Saturday, March 01, 2003

Remora

Wo Es war, soll Ich werden -- Freud,


Charles Krauthammer attends, so we are told, at all the high tables in D.C., and is one of the muskateers of The Project for the New American Century, which plays a role in today's politics similar to the role played by Committee on the Present Danger http://www.publiceye.org/research/Group_Watch/Entries-42.htm played in the good old days of Ronald Reagan.

Krauthammer presently plays the Id to the Bush court. While Paul Wolfowitz has been forced to straight-jacket his thoughts into the super-ego of officialdom, Krauthammer is free to express the desires that really roil the inner circle. This is important. Where the Id is, with the Bushes, the super-ego will surely follow, and trail in its wake the whole set of opinion makers, rationalizing madly. It's Freudian law applied to the Hof. Just look at tax policy. In 2000, only the wildest ideologues of plutocracy would have come out solidly against the Income Tax and in favor of sales taxes to finance the state.
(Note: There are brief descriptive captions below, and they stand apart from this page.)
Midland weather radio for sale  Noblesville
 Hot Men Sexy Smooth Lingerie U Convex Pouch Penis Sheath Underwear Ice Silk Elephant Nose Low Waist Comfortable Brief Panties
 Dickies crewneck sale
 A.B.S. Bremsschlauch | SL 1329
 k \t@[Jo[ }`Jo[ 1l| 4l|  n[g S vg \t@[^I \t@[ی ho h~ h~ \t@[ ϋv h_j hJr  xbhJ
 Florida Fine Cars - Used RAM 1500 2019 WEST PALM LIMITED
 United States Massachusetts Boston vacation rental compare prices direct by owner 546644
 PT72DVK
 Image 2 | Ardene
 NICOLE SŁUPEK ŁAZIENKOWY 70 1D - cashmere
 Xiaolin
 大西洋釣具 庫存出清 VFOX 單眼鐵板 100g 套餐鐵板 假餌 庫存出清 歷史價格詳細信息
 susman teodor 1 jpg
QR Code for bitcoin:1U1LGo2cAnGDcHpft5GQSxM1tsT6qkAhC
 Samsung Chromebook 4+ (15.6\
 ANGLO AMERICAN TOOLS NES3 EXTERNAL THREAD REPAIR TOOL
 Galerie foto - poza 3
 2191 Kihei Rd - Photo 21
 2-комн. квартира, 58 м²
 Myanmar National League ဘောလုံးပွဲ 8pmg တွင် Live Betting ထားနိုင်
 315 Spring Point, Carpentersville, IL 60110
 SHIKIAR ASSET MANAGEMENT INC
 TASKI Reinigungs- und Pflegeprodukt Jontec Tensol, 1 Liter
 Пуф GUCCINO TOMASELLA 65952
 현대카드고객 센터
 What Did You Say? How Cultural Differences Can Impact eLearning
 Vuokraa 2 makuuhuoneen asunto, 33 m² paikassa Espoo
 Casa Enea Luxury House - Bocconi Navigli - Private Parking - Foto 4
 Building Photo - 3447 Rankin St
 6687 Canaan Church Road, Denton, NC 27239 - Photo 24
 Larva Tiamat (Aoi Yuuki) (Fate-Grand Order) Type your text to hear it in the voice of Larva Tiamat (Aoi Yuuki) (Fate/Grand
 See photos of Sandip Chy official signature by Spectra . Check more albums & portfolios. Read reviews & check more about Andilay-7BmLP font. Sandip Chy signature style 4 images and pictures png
Slowly, though, it has dawned on even the NY Times business page that this is precisely Bush's strategy, as was remarked in this article on Bush's bizarre pension tax plan:


"Many analysts say the retirement proposals mesh with what appears to be Mr. Bush's long-term goal of removing most taxes on investment income and toward a system that essentially taxes only consumption."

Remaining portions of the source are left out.